Via del Pratello è nella quasi totalità coperta dai tipici portici bolognesi.

Su piazza San Francesco si erge la Basilica di San Francesco con il suo convento di Frati minori, costruita nel 1251, esempio di gotico italiano. Nel retro, che dà su piazza Malpighi, è visibile un cimitero interno con i resti dei monumenti funerari dei glossatori Accursio e del figlio Francesco d'Accursio, del giurista Odofredo e di Rolandino dei Romanzi.
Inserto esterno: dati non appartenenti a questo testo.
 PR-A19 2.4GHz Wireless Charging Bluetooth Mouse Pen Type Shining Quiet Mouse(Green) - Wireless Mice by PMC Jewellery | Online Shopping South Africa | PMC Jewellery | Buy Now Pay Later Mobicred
In piazzetta San Rocco ha sede l'ex Chiesa di San Rocco, sopra la quale è presente l'Oratorio San Rocco, di cui si hanno testimonianze a partire da fine Cinquecento[5], che era un tempo sede della Compagnia laica di Santa Maria della Pietà e San Rocco. All'interno troviamo affreschi di Ludovico Carracci, Domenico Santi, Girolamo Curti, Pietro Scandellari, Francesco Gessi e degli Artisti della Scuola degli Incamminati di Ludovico Carracci.
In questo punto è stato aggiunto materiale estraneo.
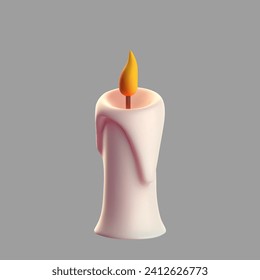 3d candle on gray background. Candle with burning flame for the holiday, birthday. Vector illustration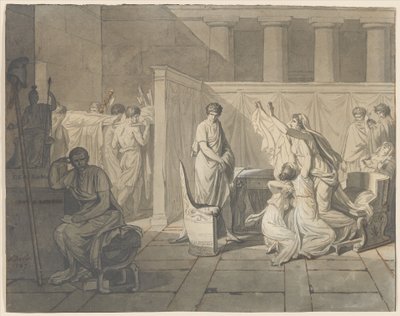 Os lictores trazem a Bruto os corpos dos seus filhos de Jacques Louis David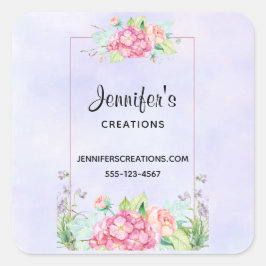 Moderne roze Waterverf Floral Lijst Business Vierkante Sticker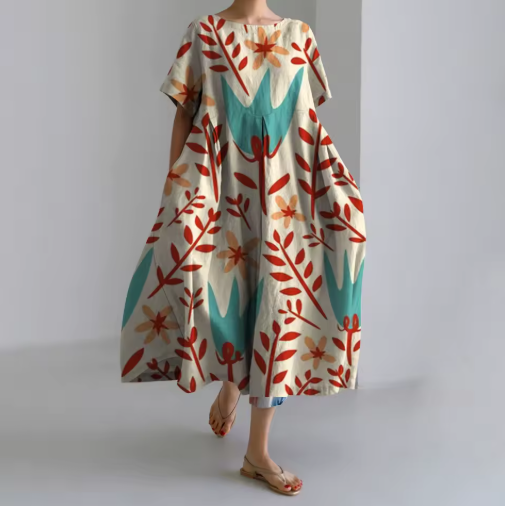 Ruby - Red Flower women's dress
In via Calari si trova la Chiesa di Santa Maria e San Valentino della Grada, che sorge dove all'inizio del Seicento la Congregazione di Sant'Antonio da Padova costruì un oratorio[6]. All'interno sono conservate le reliquie di San Valentino. Nel retro della chiesa è ancora visibile una parte scoperchiata del Canale del Reno con relativa grada.

All'incrocio fra via della Grada, via San Felice e via Riva di Reno è collocato il "monumento alla lavandaia" (detto anche "La lavandaia nuda"), opera di Saura Sermenghi, è stato posato il 23 gennaio 2001 per volere dell'Associazione Donne d'Arte[7].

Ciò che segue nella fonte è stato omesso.